Down-scaled output from the GCM will be at higher resolution, but again since the original data doesn't apply at a point but for a general region (usually quite a bit larger than 12 km, and even if it weren't we wouldn't believe stuff going on at that scale), so where the cell is exactly located again doesn't matter.

best regards,
Karl


On 7/27/11 4:38 AM, David Blodgett wrote:
Without the grid_mapping, the lat and lon still make sense in the common case
(and original CF case) of GCM data, and in many other cases, the intended
usage of the data does not require precision about the figure of the Earth. Although this metadata could be valuable if it can be defined, I think it would
be too onerous to require it.

I hope to present on this very issue at AGU. The problem we see with ambiguous definition of datums is a cascade of non-recognition of datums through processing algorithms and in the output of some processes that generate very detailed data.

The prime example is downscaled climate data. Because the climate modelers involved generally consider lat/lon to be a lowest common denominator, the datum used to geolocate historical data (like rain gages) is neglected. What results is, in our case, a 1/8deg (12km) grid with no datum.
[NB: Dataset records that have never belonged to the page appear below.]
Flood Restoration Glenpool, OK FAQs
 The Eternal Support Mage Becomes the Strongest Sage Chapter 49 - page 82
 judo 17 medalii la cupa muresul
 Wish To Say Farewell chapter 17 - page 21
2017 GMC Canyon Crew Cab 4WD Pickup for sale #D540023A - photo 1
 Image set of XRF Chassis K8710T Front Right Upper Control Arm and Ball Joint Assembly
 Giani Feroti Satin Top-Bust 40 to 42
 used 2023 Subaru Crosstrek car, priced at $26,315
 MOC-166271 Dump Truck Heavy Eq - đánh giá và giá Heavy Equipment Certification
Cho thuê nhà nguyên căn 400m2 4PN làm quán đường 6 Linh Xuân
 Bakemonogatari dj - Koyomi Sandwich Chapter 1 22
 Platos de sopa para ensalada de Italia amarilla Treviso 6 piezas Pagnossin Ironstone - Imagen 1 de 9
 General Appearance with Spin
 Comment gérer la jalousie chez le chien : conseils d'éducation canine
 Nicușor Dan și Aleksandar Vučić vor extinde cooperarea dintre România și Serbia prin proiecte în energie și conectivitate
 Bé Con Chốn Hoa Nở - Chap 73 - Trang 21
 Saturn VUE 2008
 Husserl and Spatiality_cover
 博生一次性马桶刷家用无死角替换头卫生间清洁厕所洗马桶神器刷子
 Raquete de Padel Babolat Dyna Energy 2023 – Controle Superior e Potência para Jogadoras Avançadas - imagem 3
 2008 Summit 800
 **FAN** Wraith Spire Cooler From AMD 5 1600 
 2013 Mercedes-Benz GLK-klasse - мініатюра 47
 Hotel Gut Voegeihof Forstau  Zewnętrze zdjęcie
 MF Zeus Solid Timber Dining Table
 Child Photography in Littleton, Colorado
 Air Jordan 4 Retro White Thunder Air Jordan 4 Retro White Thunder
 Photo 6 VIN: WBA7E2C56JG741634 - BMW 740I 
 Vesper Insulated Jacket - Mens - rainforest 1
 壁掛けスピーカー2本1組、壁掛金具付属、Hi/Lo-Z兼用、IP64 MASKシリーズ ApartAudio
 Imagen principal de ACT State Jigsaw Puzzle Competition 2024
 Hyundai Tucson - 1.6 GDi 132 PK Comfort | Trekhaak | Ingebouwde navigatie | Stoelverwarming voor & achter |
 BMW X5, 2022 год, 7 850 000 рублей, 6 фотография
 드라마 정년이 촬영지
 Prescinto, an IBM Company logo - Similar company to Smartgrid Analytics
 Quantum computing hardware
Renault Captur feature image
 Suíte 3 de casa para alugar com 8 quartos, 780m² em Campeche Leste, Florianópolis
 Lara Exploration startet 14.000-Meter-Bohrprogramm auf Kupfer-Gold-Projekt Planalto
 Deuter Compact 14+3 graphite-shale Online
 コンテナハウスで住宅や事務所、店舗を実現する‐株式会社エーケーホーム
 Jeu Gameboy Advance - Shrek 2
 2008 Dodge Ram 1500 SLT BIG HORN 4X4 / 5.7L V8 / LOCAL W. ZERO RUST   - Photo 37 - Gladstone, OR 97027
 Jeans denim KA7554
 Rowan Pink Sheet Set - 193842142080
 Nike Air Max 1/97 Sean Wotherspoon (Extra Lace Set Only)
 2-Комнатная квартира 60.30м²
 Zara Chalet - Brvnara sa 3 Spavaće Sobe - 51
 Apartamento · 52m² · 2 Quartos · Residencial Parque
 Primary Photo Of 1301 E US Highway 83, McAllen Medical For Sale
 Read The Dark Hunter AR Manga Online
This is unacceptable. As at this resolution, the errors in a wrong assumption of datum for the grid can cause very substantial (a full grid cell or more) geolocation errors.

If the CF community intends to consume any ground based data, then datums must be preserved from ingest of ground based forcing throughout data storage and processing. This is fundamental information that is required for ALL data comparison operations.

I would argue that CF compliance should require this information. This puts the requirement to make metadata assumptions on data publishers/producers rather than data consumers. It is unacceptable to have different data consumers making different assumptions of geolocation on the same data.

Off soapbox.

Dave Blodgett
Center for Integrated Data Analytics (CIDA)
USGS WI Water Science Center
8505 Research Way Middleton WI 53562
608-821-3899 | 608-628-5855 (cell)
http://cida.usgs.gov <http://cida.usgs.gov/>


On Jul 26, 2011, at 5:24 AM, Jonathan Gregory wrote:

Dear all

For datasets which are intended for analysis by end-users I think it would be
undesirable to remove the requirement of providing explicit lat and lon
coords even if a grid_mapping is provided. I think it is unrealistic to expect all software which someone might use to analyse netCDF files to be able to recognise and act upon all possible values of the CF grid_mapping attribute, and without the lat and lon information the user would have a problem. If the issue is storage space in the file I think the much better choice is to store the explicit coordinates in another file, by extending the CF convention to allow datasets to be distributed over several linked files, as gridspec does
for example.

Steve appears to suggest that grid_mapping is required in some circumstances, but I don't think it is at present. However, the text Steve quotes may not be
quite right:

  "/When the coordinate variables for a horizontal grid are not
  longitude and latitude,*_it is required that the true latitude and
  longitude coordinates be supplied_* via the coordinates attribute/."

The text should make it clear that this requirement applies when the data has a geolocated horizontal grid. It doesn't necessarily apply to idealised cases.
We could clarify this with a defect ticket.